Sophie, in an uncharacteristic burst of the poetic, probably brought on by the soothing effects of the painkillers, declared that she wanted to call the twins Castor and Pollux. Fortunately Brian Hummel, her acquaintance of four years (and seven months), who knew well the trauma that a hastily chosen name could cause, having answered to "Bumhole" for most of his life for no better reason than his maternal great-grandfather being also Brian, quickly persuaded her otherwise with the certain advice that those names - as well as being incredibly pretentious epithets that would position a family badly with regard to the idle chatter of their peers - would doom the two to a childhood, and probably beyond, of substitute designations such as "Custard and Bollocks", and variations thereof. After a brief - and at best, semi-coherent - discussion, Sophie conceded, therefore, to the much more sensible Katrina - apparently the forename of a great, great grandmother, supposed to be a Russian emigrée - for the first born; and for Katrina's minutely younger brother, the name Jonathan, which had no known history in the family but seemed, nonetheless, a comfortable fit.

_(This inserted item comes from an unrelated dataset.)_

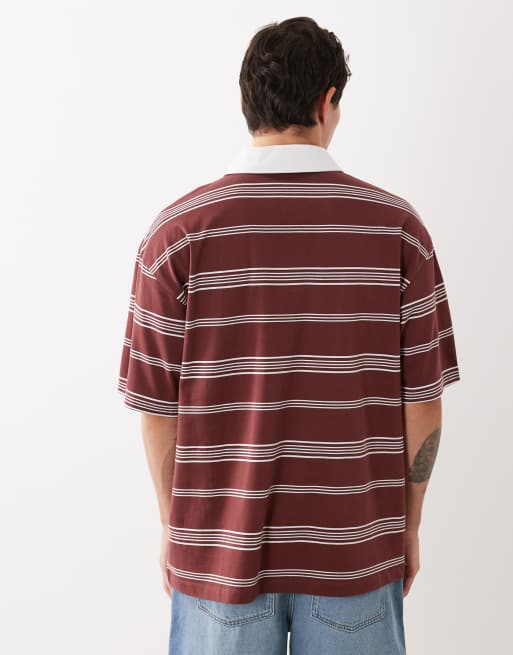 ASOS DESIGN - Polo de rugby oversize à rayures - Rouge, 2 de 5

Jonathan had been the first to cry; and always would be. Katrina, on the other hand, just quietly started to breathe, as though savouring that first, perfect moment when everything is new, nothing is broken and no one is to blame. That single, precious moment of individuality; that perfect moment, oblivious to everything that was to come: the broken bone; the first kiss; the accident in the car; both divorces; the death of her fathers, and the final, exquisite blow that would lay waste to everything she would come to hold precious.
I took a sip of scotch, gazed moodily at my computer screen, and sighed. Some people might think it was just grand to be haunted by Charles Dickens--literally haunted, as the rat-bastard spook wouldn't let me sleep until I took dictation from him every night--but I just wished someone had told him that "show, don't tell" was the new mantra in fiction.